“Per guardare in faccia l’invisibile bisogna sporcarsi le mani” è quello che ha fatto Nicola Cabibbo realizzando nel 2002 un telescopio con la collaborazione del suo allievo Massimiliano Testa e del biologo-falegname Nicola Piazzo per le parti in legno. Lo strumento è stato donato dalla famiglia nel corso di una cerimonia pubblica alla Università dove per tanti anni ha insegnato. Il telescopio è stato collocato nella biblioteca di Fisica della Sapienza dove sono anche conservati il fondo archivistico e il fondo bibliografico dall’illustre fisico italiano. Alla cerimonia hanno partecipato, il direttore del Dipartimento, di Fisica Daniele Del Re, Giorgio Parisi, Luciano Maiani, la direttrice della Biblioteca, Marina Dalla Torre, il direttore del Museo di Fisica, Sergio Caprara. Presente la moglie di Nicola Cabibbo, Paola Iandolo (già docente di Letteratura americana presso la Sapienza).
Nicola Cabibbo, scomparso nel 2010, è considerato uno dei maggiori e più brillanti fisici teorici del dopoguerra, conosciuto in ambito accademico per i suoi studi sulle particelle (l’angolo di Cabibbo).
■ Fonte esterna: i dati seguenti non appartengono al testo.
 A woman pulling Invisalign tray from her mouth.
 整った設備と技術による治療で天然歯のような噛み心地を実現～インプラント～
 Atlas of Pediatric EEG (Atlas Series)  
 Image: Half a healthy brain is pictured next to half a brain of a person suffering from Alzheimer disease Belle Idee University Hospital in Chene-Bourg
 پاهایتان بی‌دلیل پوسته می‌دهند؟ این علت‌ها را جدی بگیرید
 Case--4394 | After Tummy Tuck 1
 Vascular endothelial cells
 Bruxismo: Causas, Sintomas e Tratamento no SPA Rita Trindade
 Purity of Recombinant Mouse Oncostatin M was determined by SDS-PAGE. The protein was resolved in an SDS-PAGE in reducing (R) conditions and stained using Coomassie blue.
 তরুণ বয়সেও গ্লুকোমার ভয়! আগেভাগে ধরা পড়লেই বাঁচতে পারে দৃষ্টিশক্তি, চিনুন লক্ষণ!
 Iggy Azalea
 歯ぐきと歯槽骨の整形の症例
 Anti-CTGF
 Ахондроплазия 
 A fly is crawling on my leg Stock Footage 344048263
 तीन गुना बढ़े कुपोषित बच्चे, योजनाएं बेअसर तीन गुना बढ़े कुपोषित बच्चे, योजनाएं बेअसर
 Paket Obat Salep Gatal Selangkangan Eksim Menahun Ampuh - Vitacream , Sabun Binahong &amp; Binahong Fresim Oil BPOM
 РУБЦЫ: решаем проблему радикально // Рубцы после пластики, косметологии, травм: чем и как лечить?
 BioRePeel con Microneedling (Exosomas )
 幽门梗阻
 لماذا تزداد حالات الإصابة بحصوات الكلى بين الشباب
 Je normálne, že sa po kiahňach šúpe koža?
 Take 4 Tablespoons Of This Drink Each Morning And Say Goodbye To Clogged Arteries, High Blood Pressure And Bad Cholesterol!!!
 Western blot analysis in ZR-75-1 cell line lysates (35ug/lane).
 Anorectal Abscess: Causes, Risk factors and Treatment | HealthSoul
Laureato in Fisica alla Sapienza nel 1958 sotto la guida di Bruno Touschek, nel corso degli anni ha sfiorato più volte il premio Nobel che nel 2021 è andato al suo allievo Giorgio Parisi.
Cabibbo ha ricoperto numerosi incarichi prestigiosi: dal 1983 al1992 è stato presidente dell’Istituto nazionale di fisica nucleare (Infn); dal 1993 al 1998, presidente dell’Ente nazionale energie alternative (Enea); fino alla sua scomparsa è stato presidente della Pontificia accademia delle scienze facendosi promotore del dialogo tra scienza e fede.
I dettagli sul telescopio
Il telescopio è stato costruito nel 2002 senza l’ausilio di prototipi, né di un progetto vero e proprio. La sua realizzazione fu preceduta da uno studio in materia di telescopi fatti in casa e da alcuni schizzi per definire l’aspetto dello strumento. Il progetto fu portato a termine nell’arco di qualche mese. Lo specchio è stato molato a mano dallo stesso Cabibbo, a partire da un disco di vetro spesso 3,5 cm. La struttura è in multistrato di pioppo trattato con vernice poliuretanica.